> _Data to use_
════════════════

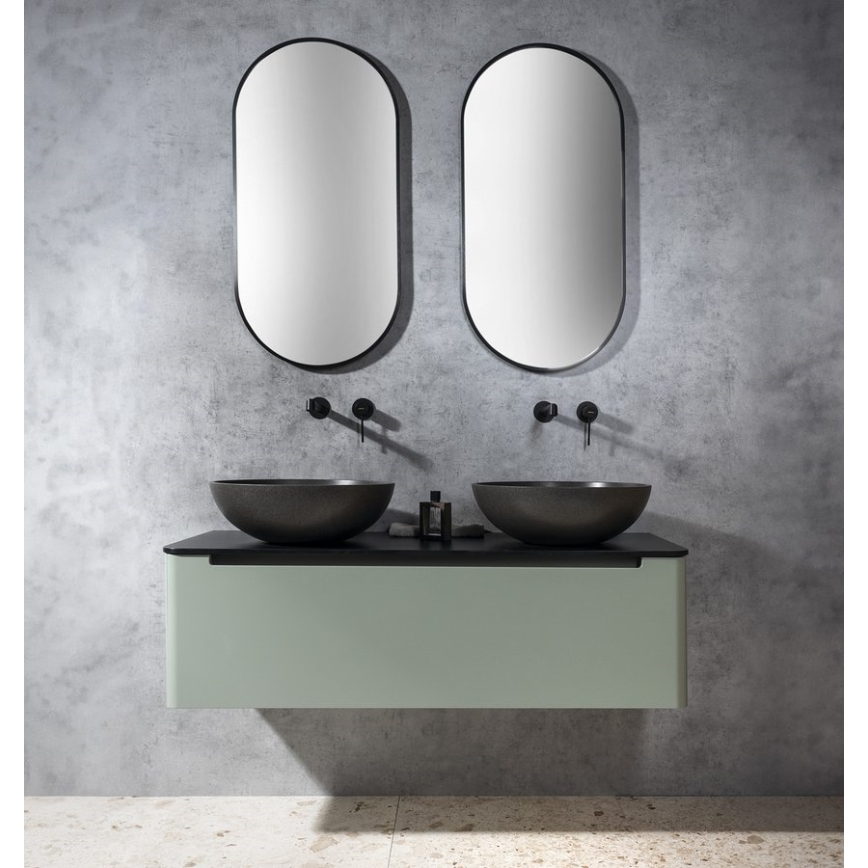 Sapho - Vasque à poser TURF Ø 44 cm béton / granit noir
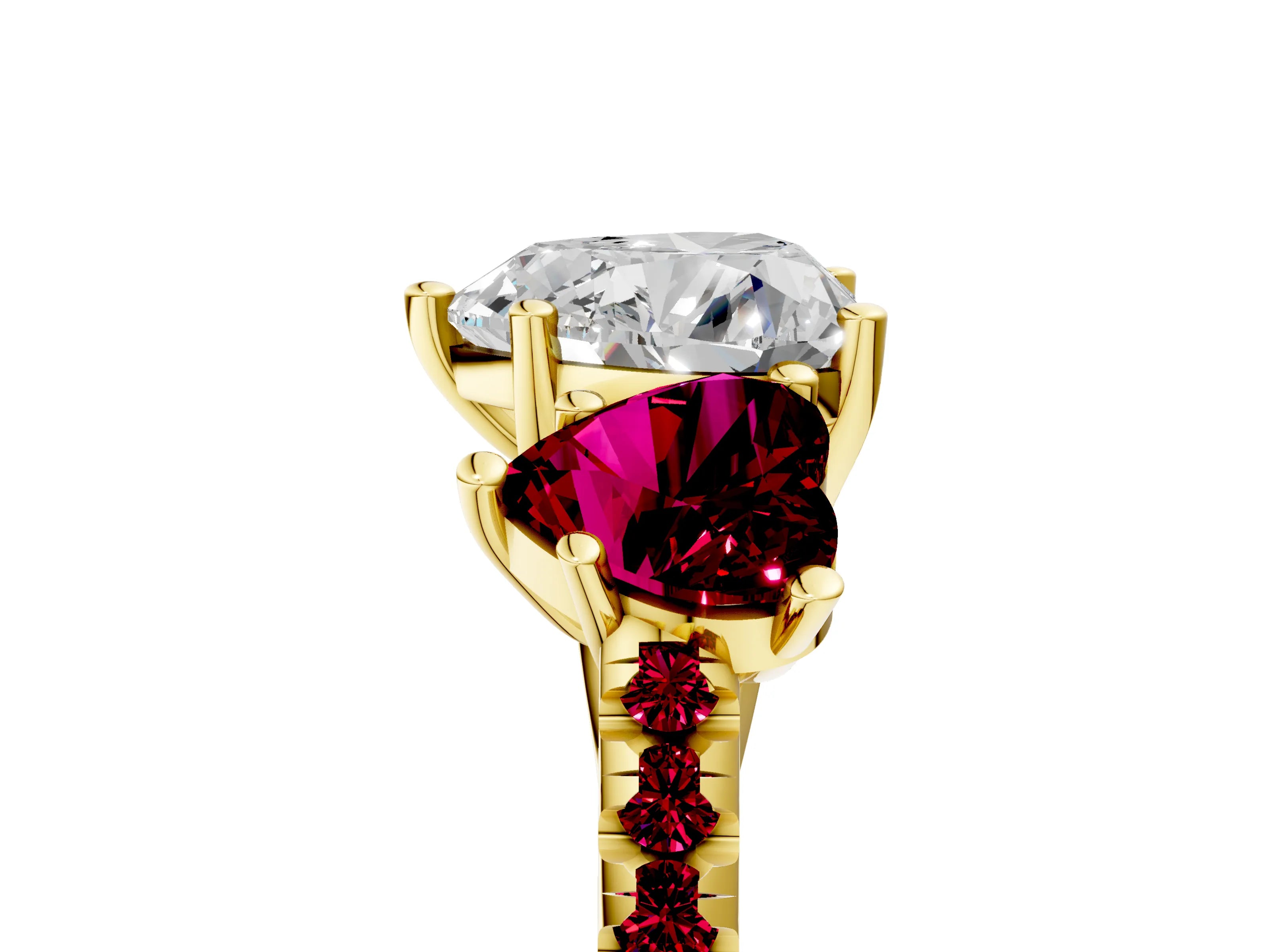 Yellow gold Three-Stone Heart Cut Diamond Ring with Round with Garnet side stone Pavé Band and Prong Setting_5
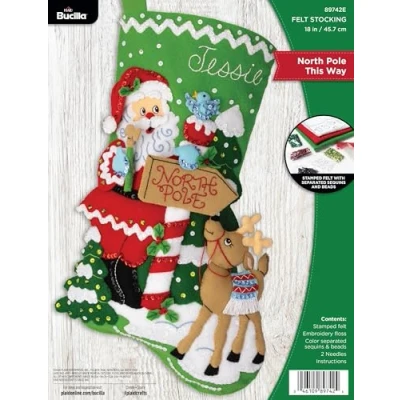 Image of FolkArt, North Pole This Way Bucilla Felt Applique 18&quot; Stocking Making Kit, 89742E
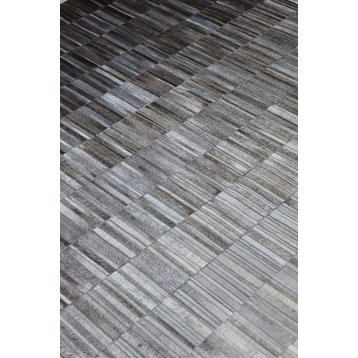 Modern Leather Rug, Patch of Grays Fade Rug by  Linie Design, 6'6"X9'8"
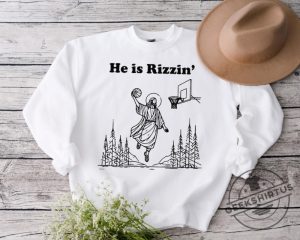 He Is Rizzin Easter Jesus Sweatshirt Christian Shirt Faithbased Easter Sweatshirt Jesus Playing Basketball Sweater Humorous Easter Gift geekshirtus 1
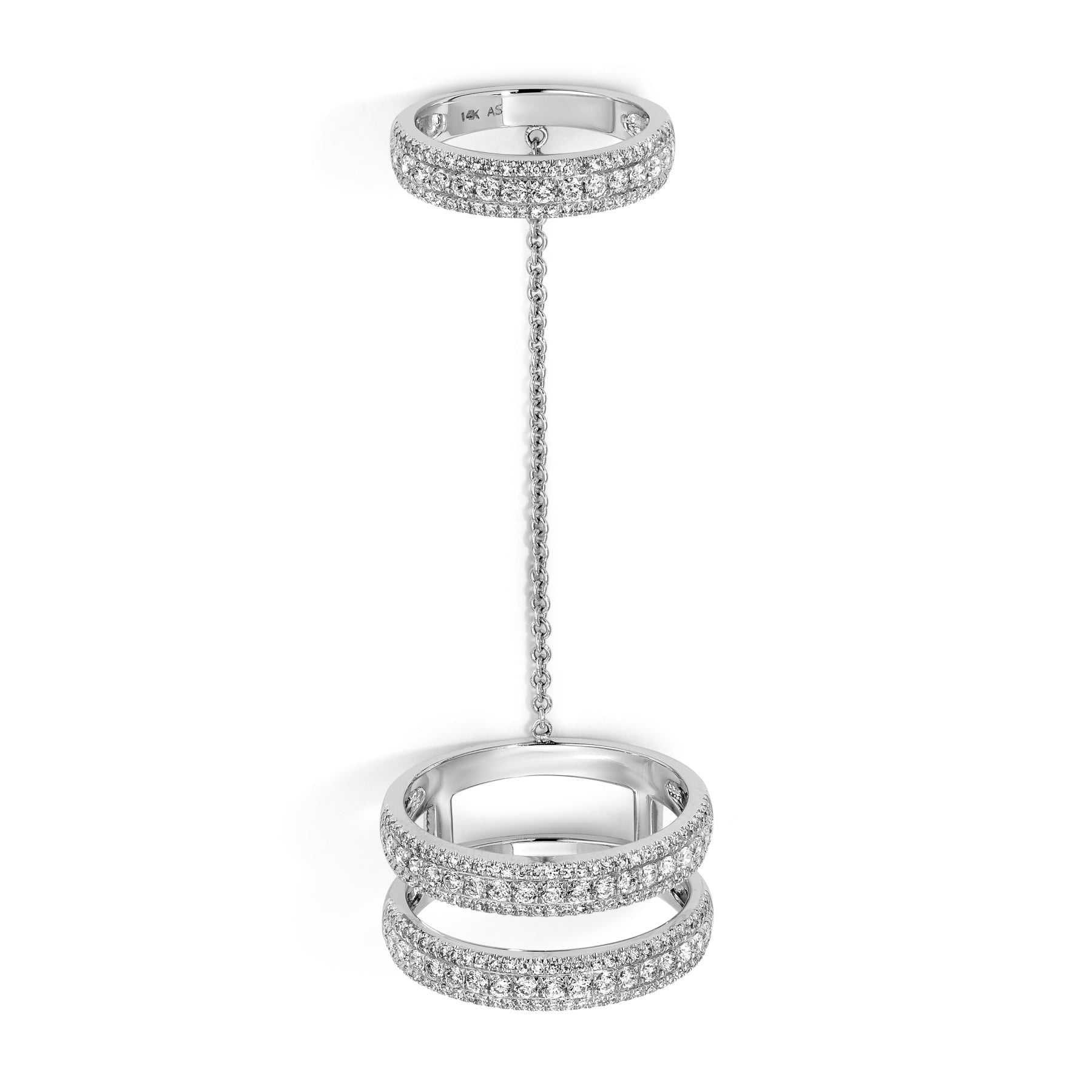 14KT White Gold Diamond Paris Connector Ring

════════════════

> _Task_
Could you reproduce the listing above exactly and drop every picture?

> _Solution to this problem_
 Sapho - Vasque à poser TURF Ø 44 cm béton / granit noir
 Yellow gold Three-Stone Heart Cut Diamond Ring with Round with Garnet side stone Pavé Band and Prong Setting_5
 Image of FolkArt, North Pole This Way Bucilla Felt Applique 18&quot; Stocking Making Kit, 89742E
 Modern Leather Rug, Patch of Grays Fade Rug by  Linie Design, 6'6"X9'8"
 He Is Rizzin Easter Jesus Sweatshirt Christian Shirt Faithbased Easter Sweatshirt Jesus Playing Basketball Sweater Humorous Easter Gift geekshirtus 1
 14KT White Gold Diamond Paris Connector Ring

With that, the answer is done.